Oligodendroglioma is a central nervous system tumor, meaning it affects your brain (or rarely, your spinal cord). It starts in a type of glial cells, which are your nervous system’s support cells. Experts consider oligodendroglioma a very treatable tumor, even when cancerous, and the odds of survival are usually good.


What is oligodendroglioma?

Oligodendroglioma is a type of brain tumor, but in rare cases, it can form in your spinal cord. These tumors develop from a specific type of glial cell: oligodendrocytes. Glial cells are the support cells of your nervous system. They maintain and protect the neurons that send and relay signals within, to and from your brain.

Tumors that come from glial cells are called gliomas. Oligodendrogliomas account for between 5% and 15% of all gliomas, and about 3% to 4% of all brain tumors. Worldwide, healthcare providers diagnose just under 24,000 people with oligodendroglioma each year. Most people who have it are between the ages of 40 and 50.

What are oligodendrocytes?

The name “oligodendrocyte” comes from several Greek words and breaks down like so:

  • Oligo-: Small.
  • -dendro-: Tree-like.
  • -cytes: Cells.

Every neuron has a main cell body with an arm-like extension called an axon. Many neurons have a myelin sheath around their axon. This fatty coating protects the axon and maintains signal speed as it passes through the neuron.

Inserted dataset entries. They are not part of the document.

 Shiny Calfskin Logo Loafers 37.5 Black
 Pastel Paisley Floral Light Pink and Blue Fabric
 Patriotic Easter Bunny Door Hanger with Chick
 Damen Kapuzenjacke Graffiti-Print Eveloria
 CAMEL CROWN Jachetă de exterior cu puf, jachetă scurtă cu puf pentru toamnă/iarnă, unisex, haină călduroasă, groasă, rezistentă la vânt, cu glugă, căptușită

Oligodendrocytes have a main body and dozens of arm-like extensions that wrap around the axons of about 30 to 40 nearby neurons (which is why oligodendrocytes are “tree-like”). These extensions provide the myelin sheath for the axons of the connected neurons.

Are there different types of oligodendrogliomas?

The World Health Organization (WHO) grading scale ranges from grade 1 (lowest) to grade 4 (highest). Oligodendrogliomas fall into two main types under this grading scale:

  • Oligodendrogliomas WHO grade 2: Also known as “low-grade oligodendrogliomas,” these oligodendrogliomas typically grow slowly. They also tend to respond well to treatment.
  • Oligodendrogliomas WHO grade 3: Also known as “high-grade oligodendrogliomas” (and formerly known as “anaplastic oligodendrogliomas”), these are malignant. That’s because they’re more aggressive. They may spread faster and be harder to treat.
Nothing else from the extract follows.